MHP Grup Başkanvekili ve Nevşehir Milletvekili Prof. Dr. Filiz Kılıç: "Ülkemiz birkaç gündür ‘Kent Uzlaşısı’ adı altında bölücü terör örgütü ile ortaklık kuran, yaptığı usulsüzlükleri ve yolsuzlukları ayyuka çıkan bir belediye başkanı ile onun cürüm ortaklarının demokrasi dışı arayışlarıyla meşgul edilmektedir" dedi.
Ülkemiz birkaç gündür ‘Kent Uzlaşısı’ adı altında bölücü terör örgütü ile ortaklık kuran, yaptığı usulsüzlükleri ve yolsuzlukları ayyuka çıkan bir belediye başkanı ile onun cürüm ortaklarının demokrasi dışı arayışlarıyla meşgul edilmektedir.
Bu da yetmezmiş gibi CHP yönetimi; terör örgütleri ile iltisaklarına veyahut yolsuzlukla kazanılan para kulelerine dair kamuoyunun vicdanını rahatlatacak cevaplar vermek yerine sonu çıkmaz olan sokak davetleriyle uğraşmaktadır.
Adeta yavuz hırsız ev sahibini bastırmaktadır.
Unutulmamalıdır ki; Türkiye Cumhuriyeti bir hukuk devletidir. Türk milleti adına karar veren Türk yargısı tarafsız, bağımsız ve objektiftir.
Herkes uhulet ve suhulet içerisinde Türk yargısının vereceği kararı beklemeli ve çıkacak sonuca saygı duymalıdır.
Bunun aksine bugün CHP; kendi belediye başkanları hakkında gündeme gelen ciddi iddiaları görmezden gelmekte, siyasi hesaplarla hareket ederek milletin vicdanını yaralayan bir tutum sergilemektedir.
Sayın Genel Başkanımızın ifadeleriyle “Hiç kimse dokunulamaz, ulaşılamaz, erişilemez ve hesap sorulamaz değildir.

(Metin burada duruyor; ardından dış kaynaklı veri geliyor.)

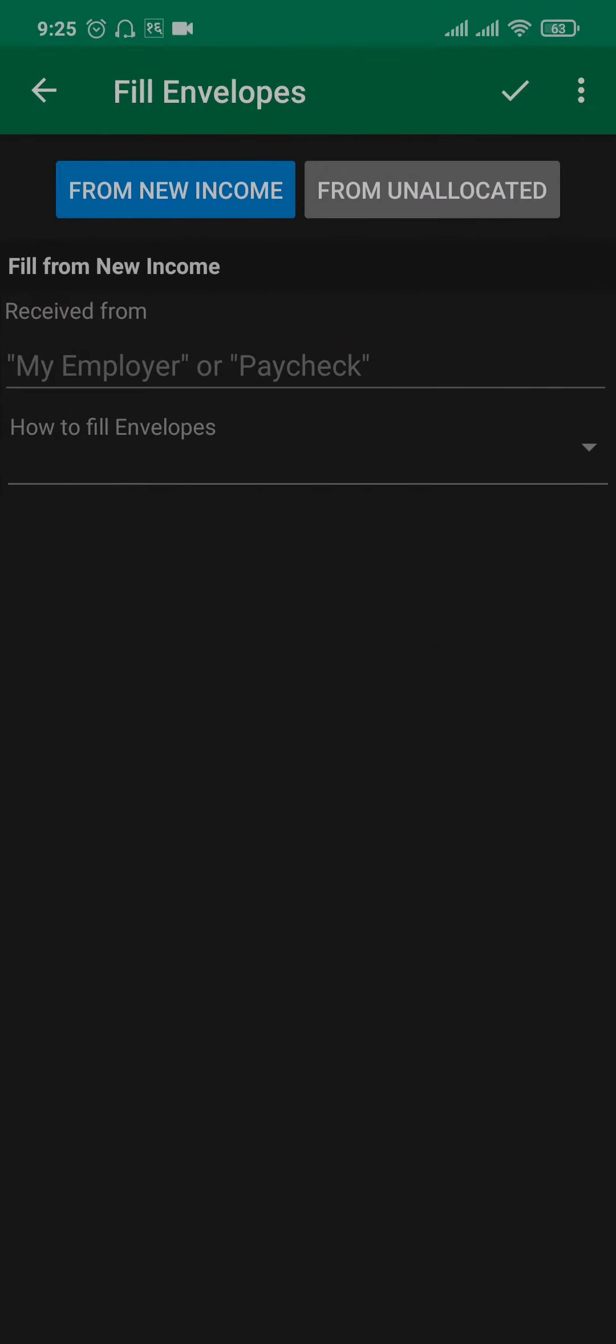Tap OK. You can also add a date for the income you received, as well as notes or reminders. Then tap on the checkmark on the top right.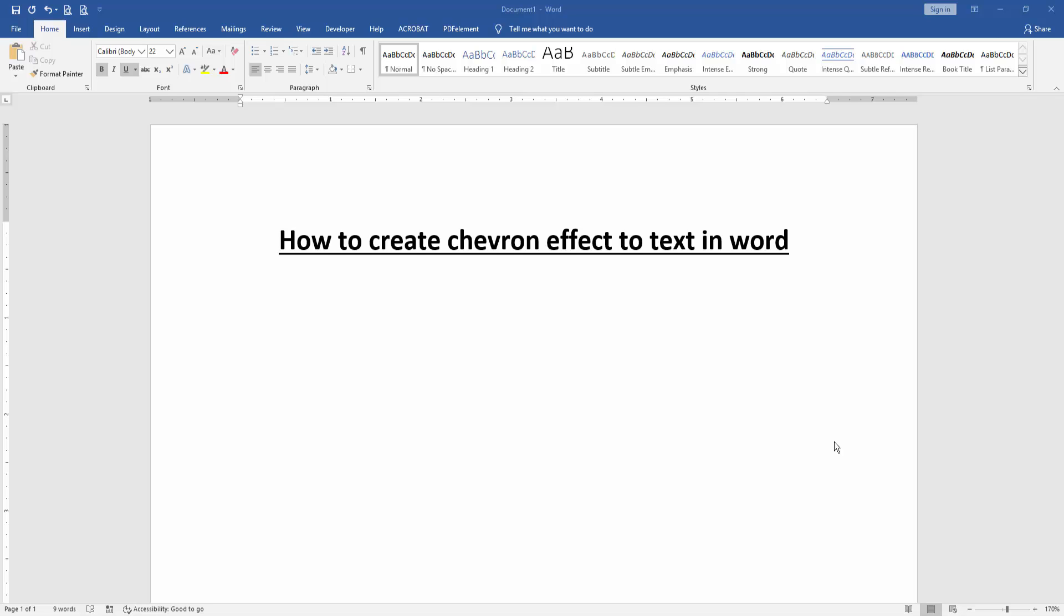Assalamualaikum, hello friends, how are you? Welcome back to our new video. In this video I am going to present you how to create chevron effect to text in Microsoft Word. Let's get started.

Hukuk ile demokrasiyi, adalet ile sandığı, milli iradeyle mülkün temelini cepheleştirmek, hatta çatıştırmak için beşinci kol faaliyetine tevessül etmek yaygın şiddet olaylarına, yoğun istikrarsızlık tablosuna ve yıkıcı krizlere çağrıdır.”
Türkiye, şiddetten, şikâyetten, terörden ve belirsizlikten uzak; refah ve huzur içinde bir yüzyıla emin adımlarla ilerlerken, milli birlik ve beraberliğimizi hedef alan iç ve dış tehditlere karşı uyanık olmak, kararlılıkla mücadele etmek büyük bir tarihi sorumluluktur.
Bu anlamda milletimizi cepheleşmeye tetikleyen çağrılar karşısında sükunetlerini korumaya davet ediyorum.
Türk yargısına güvenimiz tamdır.
Mahkeme marifetince suç sabit görülene kadar masumiyet esastır.
Yargıya saygı duymadan çığırtkanlık ve sokak çağrısı yapanlar hezeyandadır, Gezi özlemi duyanlar ihanet içerisindedir.
Biz Türkiye’yi sokakta bulmadık, sokakta da kaybetmeyiz.
Sokak çağrıları boştur, milletimiz sağ duyuludur.
Usülsüzlüğün, yolsuzluğun, hırsızlığın ve ihanetin içerisine batmış CHP, 15 gün sonrasına olağanüstü kurultay kararı almıştır.
Bu kararla, bir önceki kurultayın usulsüzlüğünü zımnen de olsa kabul etmişlerdir.
Şimdi soruyorum; eğer gerçekten hiçbir usulsüzlük yapılmamış olsaydı, böyle bir olağanüstü kurultay kararı alınır mıydı?
CHP ve yandaşları önce parti içindeki usülsüzlükleri düzeltip kendilerini aklasınlar, ondan sonra açıklamalarda bulunsunlar.
Hadleri olmayan meselelere burunlarını sokup muhataplık algısı oluşturmaya çalışmasınlar.
Herkes bilsin ki; Liderimiz Devlet Bahçeli, siyaseten tutarlı ve ilkeli bir devlet adamıdır.
Muhattabı da asla ve asla CHP’nin Grup Başkanvekili değildir."